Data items
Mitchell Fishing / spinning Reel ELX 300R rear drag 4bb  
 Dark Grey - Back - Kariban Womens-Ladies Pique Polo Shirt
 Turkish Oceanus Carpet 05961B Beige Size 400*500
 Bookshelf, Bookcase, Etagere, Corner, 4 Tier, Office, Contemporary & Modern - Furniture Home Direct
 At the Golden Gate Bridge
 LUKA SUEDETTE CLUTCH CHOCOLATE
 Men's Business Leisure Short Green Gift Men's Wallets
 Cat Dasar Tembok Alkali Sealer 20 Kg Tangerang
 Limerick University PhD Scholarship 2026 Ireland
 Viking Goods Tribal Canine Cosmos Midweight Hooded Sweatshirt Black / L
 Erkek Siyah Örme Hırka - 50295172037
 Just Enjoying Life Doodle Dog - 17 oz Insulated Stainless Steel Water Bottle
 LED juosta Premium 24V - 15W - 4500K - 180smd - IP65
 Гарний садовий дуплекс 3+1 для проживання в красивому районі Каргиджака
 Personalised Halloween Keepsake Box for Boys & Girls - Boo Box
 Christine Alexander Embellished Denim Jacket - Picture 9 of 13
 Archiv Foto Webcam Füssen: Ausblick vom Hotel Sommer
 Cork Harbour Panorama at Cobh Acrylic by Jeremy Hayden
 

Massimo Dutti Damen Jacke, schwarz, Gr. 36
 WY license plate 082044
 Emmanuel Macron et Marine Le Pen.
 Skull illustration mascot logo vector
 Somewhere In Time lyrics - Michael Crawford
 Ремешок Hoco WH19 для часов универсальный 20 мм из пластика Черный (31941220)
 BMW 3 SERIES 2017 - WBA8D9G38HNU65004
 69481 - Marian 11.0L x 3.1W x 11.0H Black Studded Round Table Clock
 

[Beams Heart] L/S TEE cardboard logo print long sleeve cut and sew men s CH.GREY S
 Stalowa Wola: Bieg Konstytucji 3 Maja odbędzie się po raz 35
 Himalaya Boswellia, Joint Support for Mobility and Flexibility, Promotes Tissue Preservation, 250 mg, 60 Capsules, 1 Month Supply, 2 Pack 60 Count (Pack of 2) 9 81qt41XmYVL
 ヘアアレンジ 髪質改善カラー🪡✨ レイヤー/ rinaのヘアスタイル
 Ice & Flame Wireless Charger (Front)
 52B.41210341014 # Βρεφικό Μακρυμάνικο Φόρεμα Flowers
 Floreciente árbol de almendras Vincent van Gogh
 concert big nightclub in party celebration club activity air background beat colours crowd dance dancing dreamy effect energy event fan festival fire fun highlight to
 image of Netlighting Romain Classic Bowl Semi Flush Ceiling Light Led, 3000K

[Your task]
There is a run of lines above from the one with "Men's Business Leisure" to the one with "Floreciente árbol de"; print exactly that run, both ends included, and nothing else.

[Finished exercise]
 Men's Business Leisure Short Green Gift Men's Wallets
 Cat Dasar Tembok Alkali Sealer 20 Kg Tangerang
 Limerick University PhD Scholarship 2026 Ireland
 Viking Goods Tribal Canine Cosmos Midweight Hooded Sweatshirt Black / L
 Erkek Siyah Örme Hırka - 50295172037
 Just Enjoying Life Doodle Dog - 17 oz Insulated Stainless Steel Water Bottle
 LED juosta Premium 24V - 15W - 4500K - 180smd - IP65
 Гарний садовий дуплекс 3+1 для проживання в красивому районі Каргиджака
 Personalised Halloween Keepsake Box for Boys & Girls - Boo Box
 Christine Alexander Embellished Denim Jacket - Picture 9 of 13
 Archiv Foto Webcam Füssen: Ausblick vom Hotel Sommer
 Cork Harbour Panorama at Cobh Acrylic by Jeremy Hayden
 

Massimo Dutti Damen Jacke, schwarz, Gr. 36
 WY license plate 082044
 Emmanuel Macron et Marine Le Pen.
 Skull illustration mascot logo vector
 Somewhere In Time lyrics - Michael Crawford
 Ремешок Hoco WH19 для часов универсальный 20 мм из пластика Черный (31941220)
 BMW 3 SERIES 2017 - WBA8D9G38HNU65004
 69481 - Marian 11.0L x 3.1W x 11.0H Black Studded Round Table Clock
 

[Beams Heart] L/S TEE cardboard logo print long sleeve cut and sew men s CH.GREY S
 Stalowa Wola: Bieg Konstytucji 3 Maja odbędzie się po raz 35
 Himalaya Boswellia, Joint Support for Mobility and Flexibility, Promotes Tissue Preservation, 250 mg, 60 Capsules, 1 Month Supply, 2 Pack 60 Count (Pack of 2) 9 81qt41XmYVL
 ヘアアレンジ 髪質改善カラー🪡✨ レイヤー/ rinaのヘアスタイル
 Ice & Flame Wireless Charger (Front)
 52B.41210341014 # Βρεφικό Μακρυμάνικο Φόρεμα Flowers
 Floreciente árbol de almendras Vincent van Gogh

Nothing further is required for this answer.